● Your instructions: The records follow. Transcribe only the lines from the line containing "Salome Acosta online" through the end, both ends included, and leave out the pictures.

-- Data extract follows --

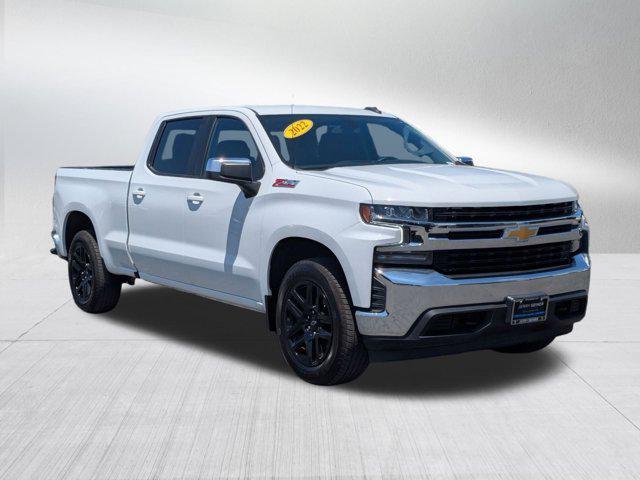 used 2022 Chevrolet Silverado 1500 car, priced at $34,219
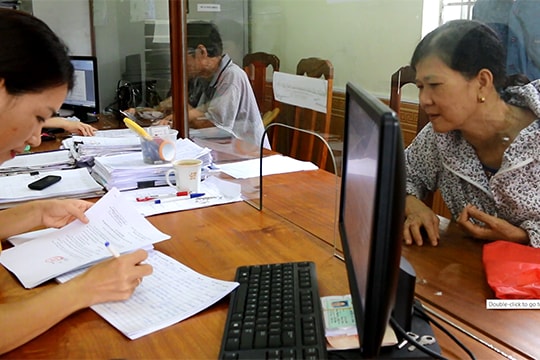 Bảo hiểm xã hội TP Vinh làm tốt công tác thu, chi trả chế độ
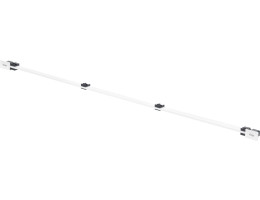 Решетка / шина за стенен душ канал Advantix Vario, бяла, 1200 mm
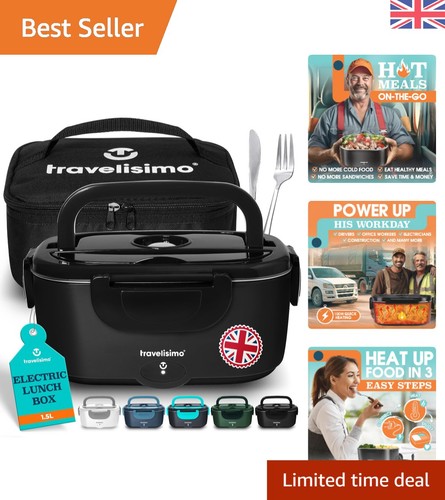 100w heated lunch - heated, 1.5l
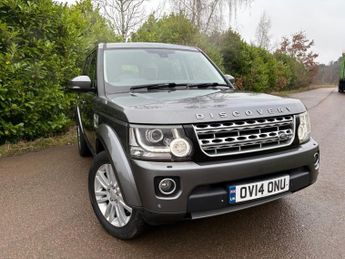 Land Rover Discovery 3.0 SD V6 HSE SUV 5dr Diesel Auto 4WD Euro 5 (s/s) (255 bhp)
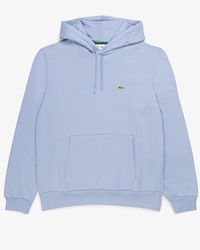 Moletom com Capuz de Algod&atilde;o Org&acirc;nico Masculino Lacoste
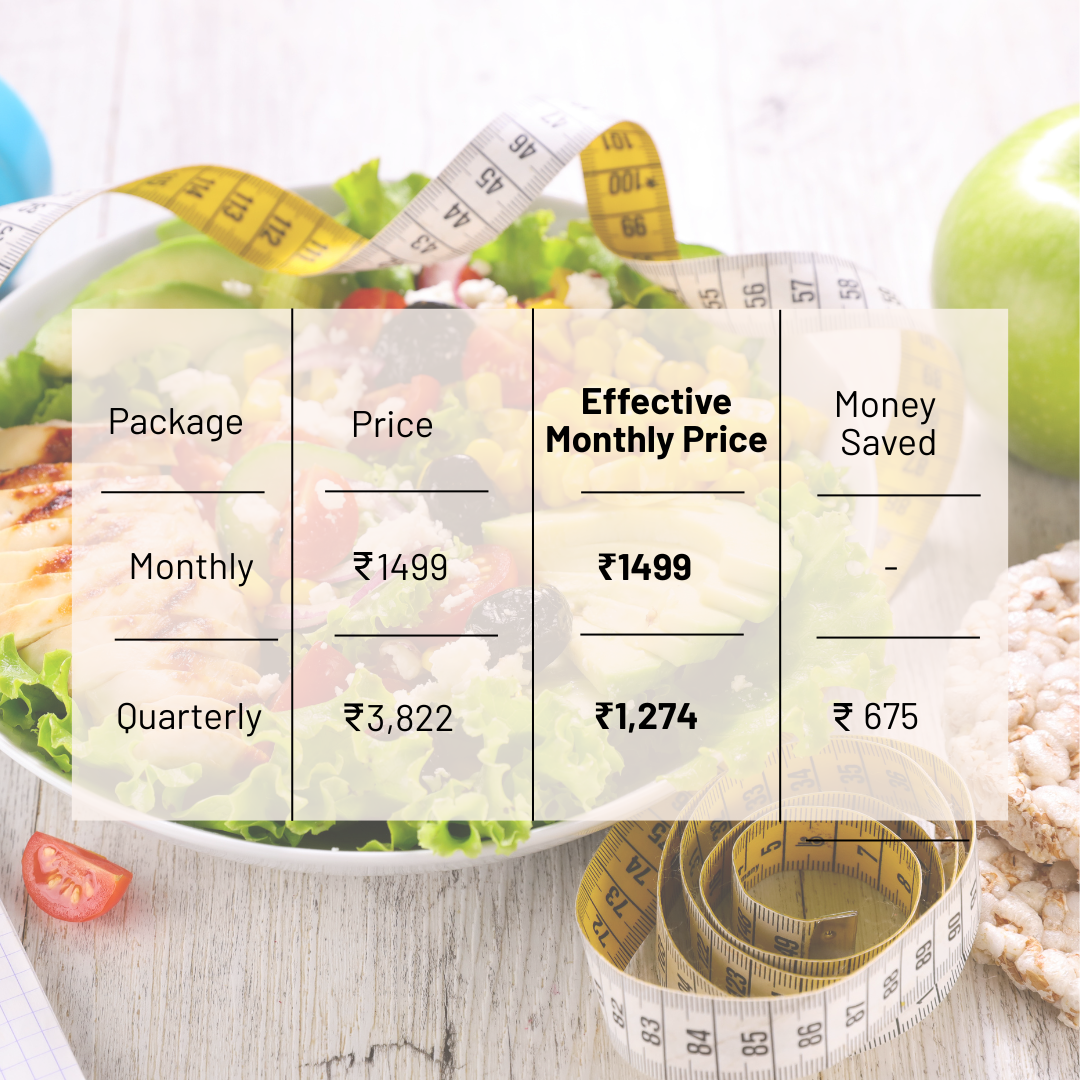 🥗 Diet Sessions at Ekam Yoga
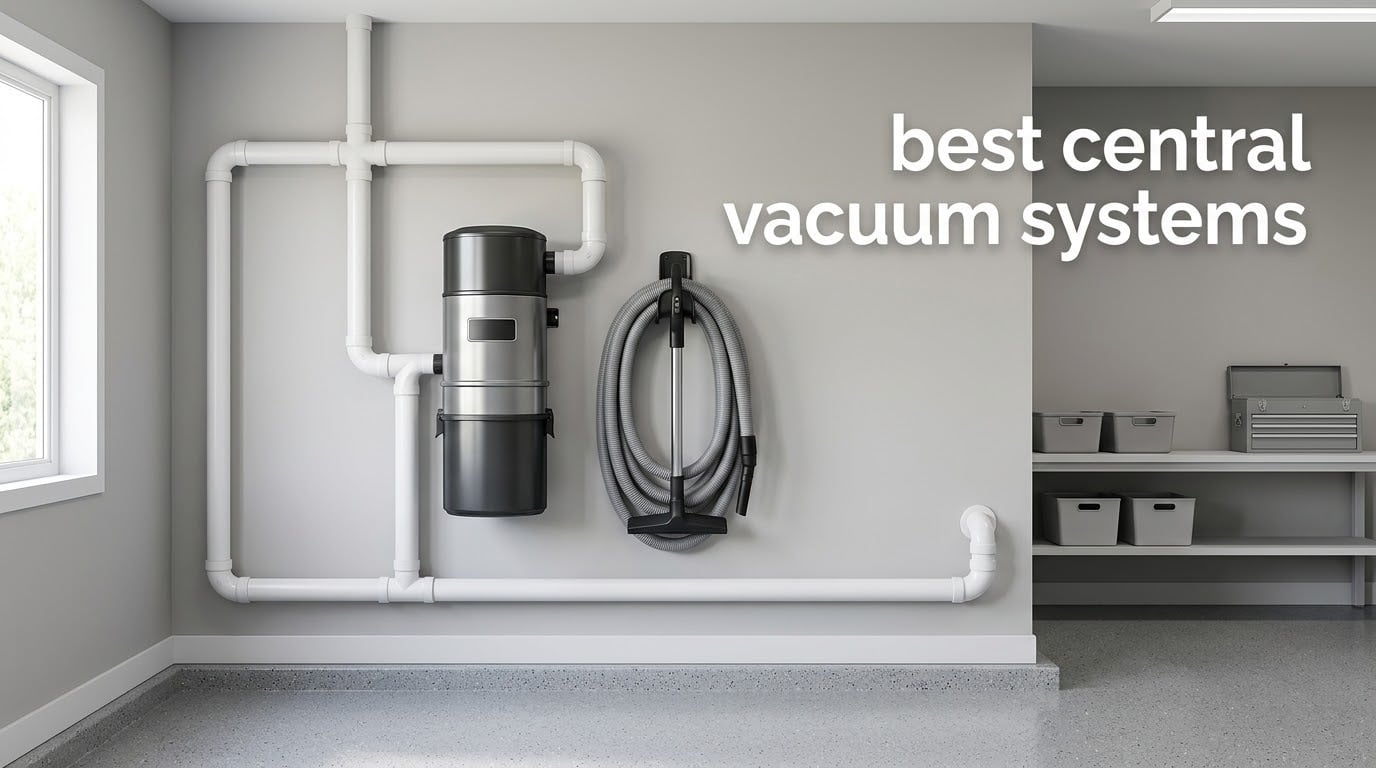 best central vacuum systems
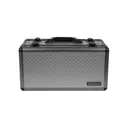 BIRCHWOOD CASEY AlumaLock Double Sided Handgun Range Case Aluminum/Polymer Gray - Birchwood Casey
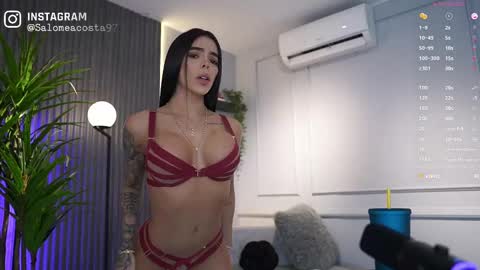 Salome Acosta online show from 09/09/25, 10:31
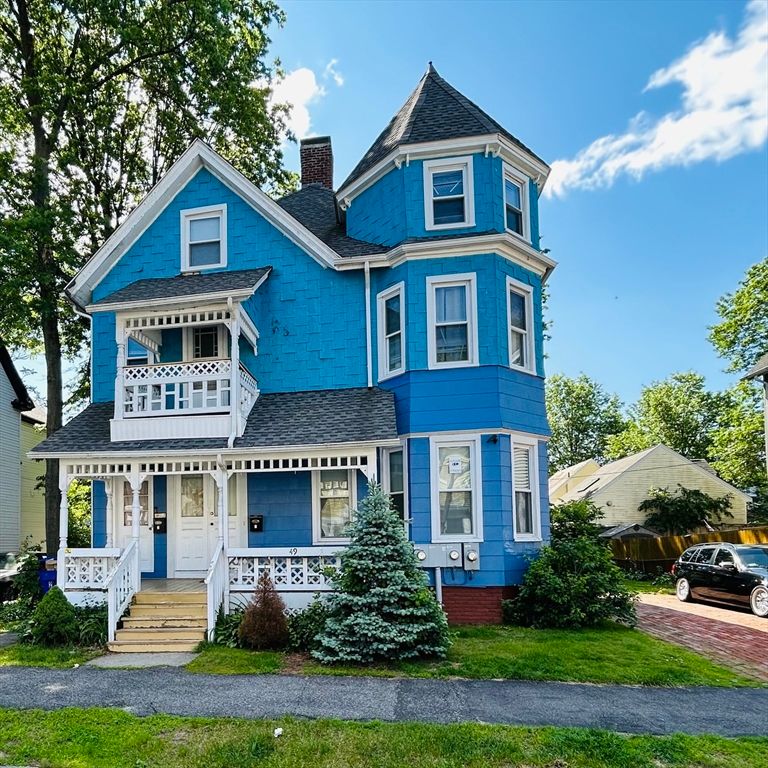 49 Euclid Ave, Springfield, MA 01108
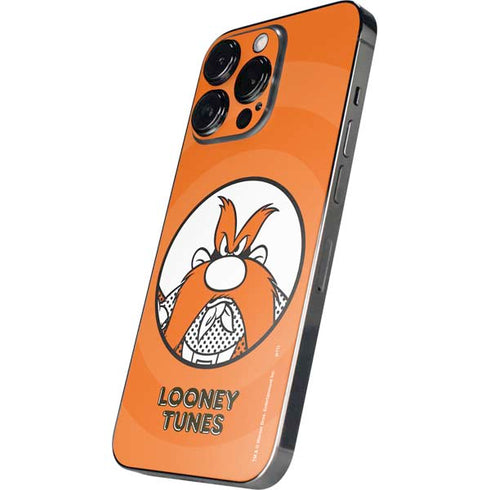Looney Tunes Yosemite Sam Full iPhone 15 Pro Max Skin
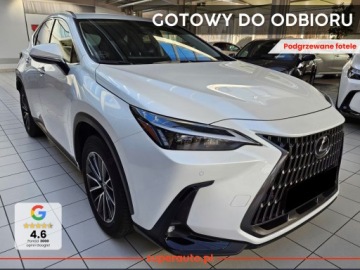 Lexus NX II SUV Facelifting 2.5 350h 200KM 2025 Od ręki - 350h Elegance 2.5 Hybrid AWD 200KM | Podgrzewane fotele!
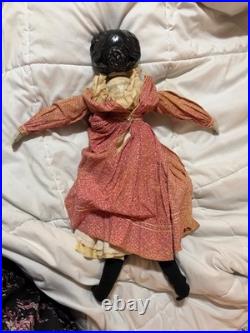 Antique German 22 inch China Doll with damage, as is Antique German 22 inch China Doll with damage, as is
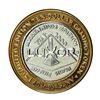 Image 2 : .999 Fine Silver Luxor Las Vegas, NV $10 Limited Edition Gaming Token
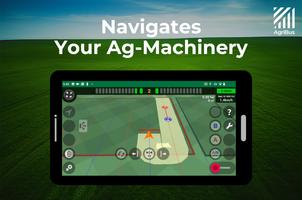 پوستر AgriBus: GPS farming navigator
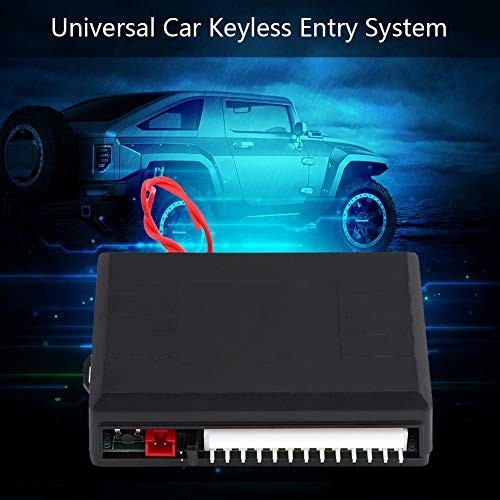 Universal Car Door Lock Remote Control Kit, Keyless Car Entry System Window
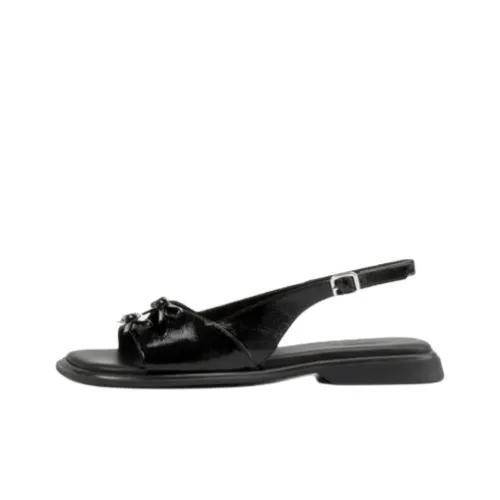 VAGABOND SHOEMAKERS Izzy One Ремешок Сандалии Женские Черные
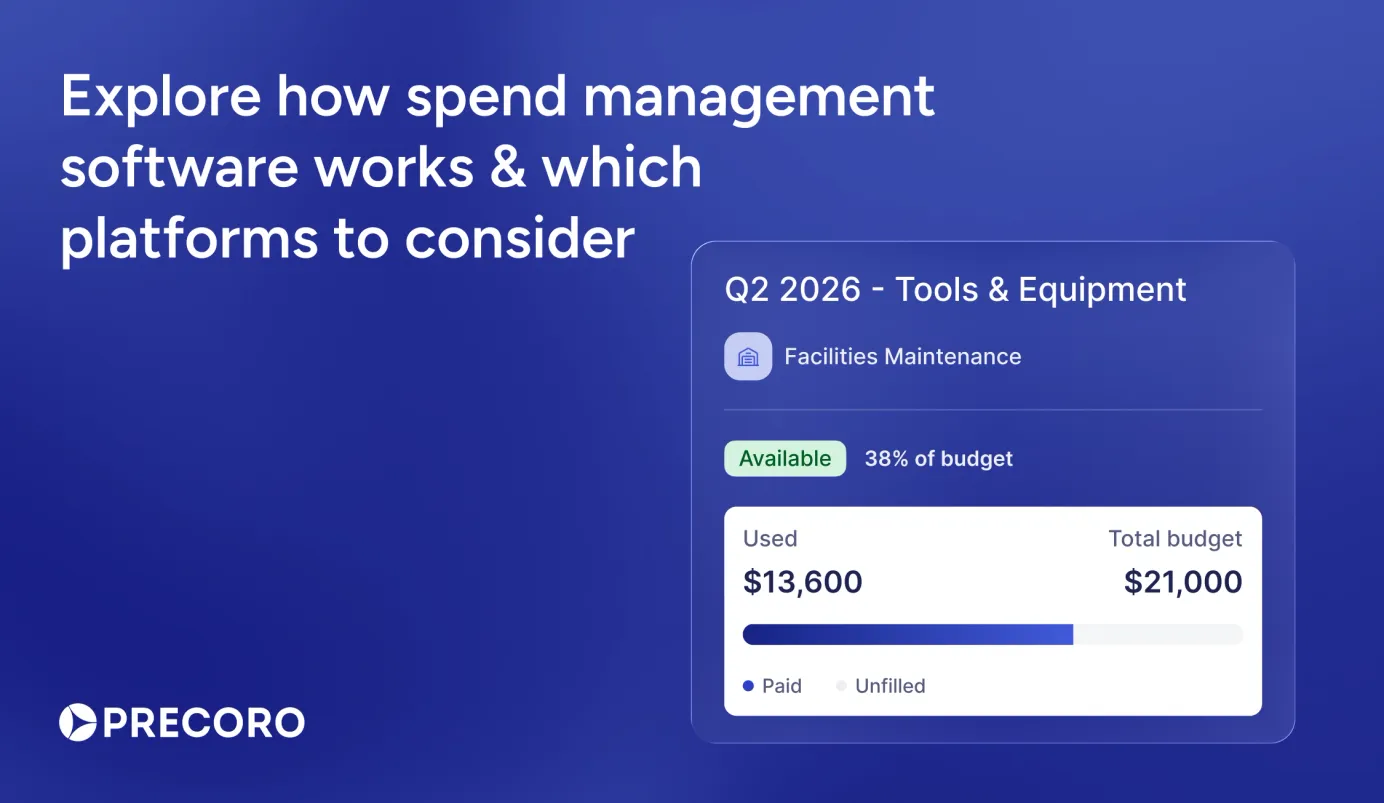 best spend management software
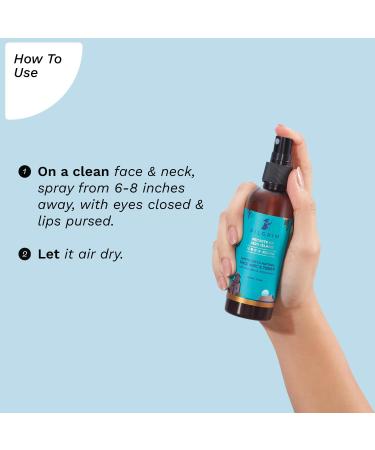 Pilgrim Korean Face Mist & Toner | Hydrating Camellia & Witch Hazel Formula | Enhance Skin Elasticity | 3.38 Fl Oz (100ml) - Soft & Supple Skin - Buy Online on GoSupps.com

-- Data extract concluded --

● Your solution:
 Salome Acosta online show from 09/09/25, 10:31
 49 Euclid Ave, Springfield, MA 01108
Looney Tunes Yosemite Sam Full iPhone 15 Pro Max Skin
 Lexus NX II SUV Facelifting 2.5 350h 200KM 2025 Od ręki - 350h Elegance 2.5 Hybrid AWD 200KM | Podgrzewane fotele!
 Antique German 22 inch China Doll with damage, as is Antique German 22 inch China Doll with damage, as is
 Image 2 : .999 Fine Silver Luxor Las Vegas, NV $10 Limited Edition Gaming Token
 پوستر AgriBus: GPS farming navigator
 Universal Car Door Lock Remote Control Kit, Keyless Car Entry System Window
 VAGABOND SHOEMAKERS Izzy One Ремешок Сандалии Женские Черные
 best spend management software
 Pilgrim Korean Face Mist & Toner | Hydrating Camellia & Witch Hazel Formula | Enhance Skin Elasticity | 3.38 Fl Oz (100ml) - Soft & Supple Skin - Buy Online on GoSupps.com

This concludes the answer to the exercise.